Die vergangene, gewesene Welt muss vom Menschen erschlossen und verstanden sein, erst dann erkennt er sich und seine Möglichkeiten. Erst dann kann gegenwärtiges Handeln folgen, indem das durchdachte Gewesene mit einer möglichen Zukunft zumindest intuitiv verbunden wird. Ohne Zeit-Erfahrungen ist eine bewusste Gegenwart genau wie eine gestaltete Zukunft nicht vorstellbar.
Der Mensch selber schafft die Zeit, in der er lebt, indem er versteht und behält.
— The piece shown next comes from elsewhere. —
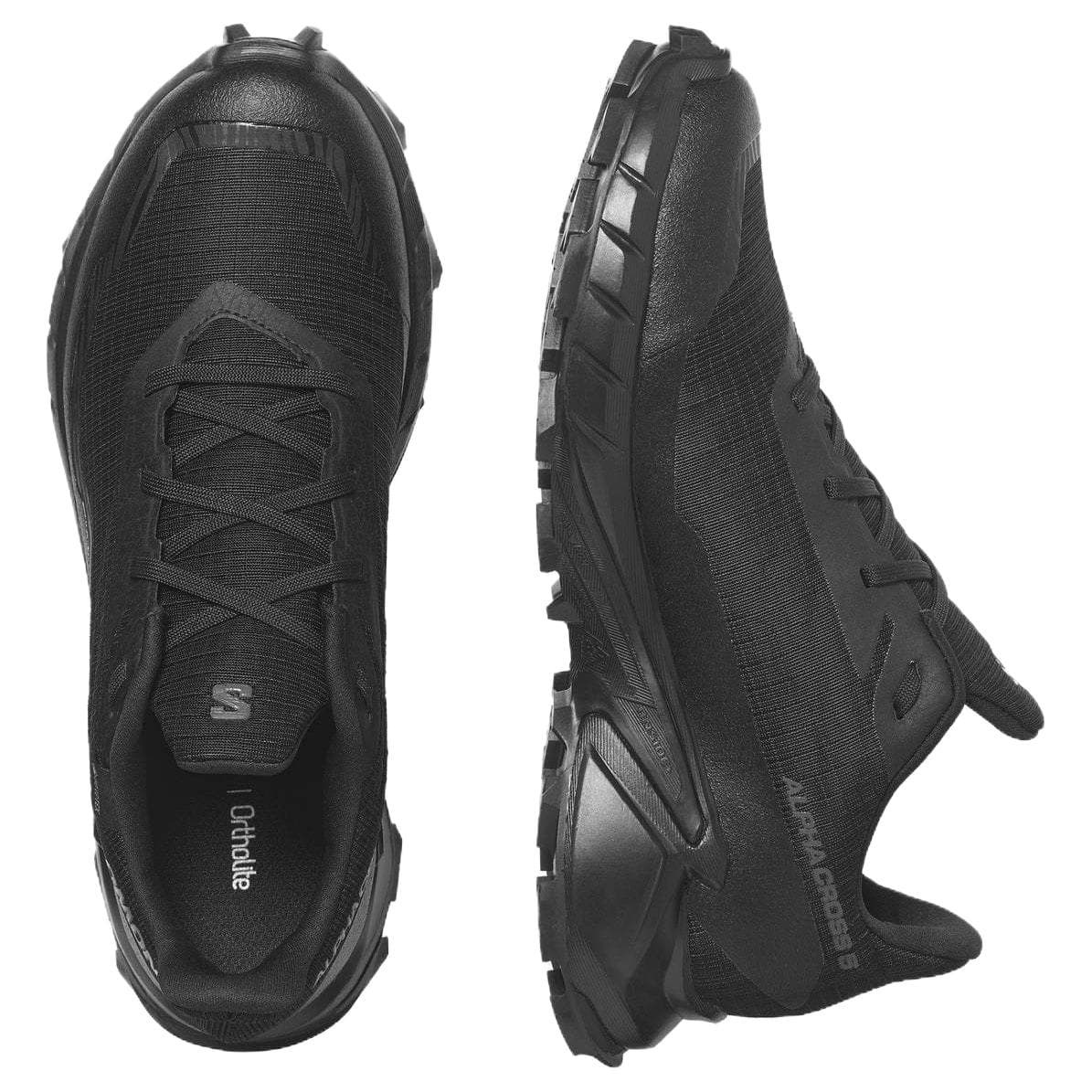 Кроссовки для бега SALOMON ALPHACROSS 5 - изображение 4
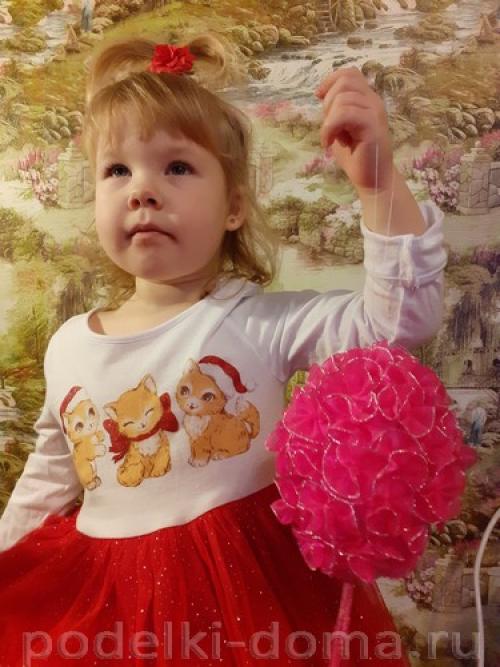 Новогодние поделки на улицу в детский сад. «Космо-Рыба»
Zeit ist also keine vom Menschen unabhängige physikalische Verrechnungseinheit. Er bringt sie selbst hervor. Ohne den Menschen keine Zeit, da die Verschränkung von Vergangenheit, Gegenwart und Zukunft nur in ihm, seinem Bewusstsein, stattfindet. Das individuelle Zeiterleben, wie etwas als lange oder als „kurzweilig“ erlebt wird, unterscheidet sich stark. Unterschiedliche Kulturen weisen ein unterschiedliches kollektives Zeiterleben auf.
Nur er, der sich selbst und seine Umwelt betrachtende Mensch, hat ein Verhältnis zu seinem eigenen Sein in der Zeit.
Wir leben im Hier und Jetzt – für den bewussten Augenblick: „So ist denn das Heute kein für sich bestehender Zeitabschnitt, der überall hin abgeriegelt wäre. … Das Heute hat seine Herkunft im Gewesenen und ist zugleich dem ausgesetzt, was auf es zukommt.“ Martin Heidegger
Die modernen, digitalen Techniken folgen ausschließlich Rechenschritten, den binären Algorithmen. Sie erobern immer weitere Anwendungsgebiete, erlangen zunehmenden Einfluss.
In der digitalen Erlebniswelt verschmelzen Vergangenheit, Gegenwart und Zukunft in eine permanente und beliebige Gleichzeitigkeit und Verfügbarkeit. Gewesenes, Gegenwart und Zukunft liegen für den Menschen in der digitalen Welt gleichwertig übereinander, immer abrufbar.
Wir erleben in vielen Bereichen eine komplette informelle Augenblicklichkeit und Allgegenwart. Handelt es sich um eine Beschleunigung des Menschen in der Zeit, ein schnelleres Fließen?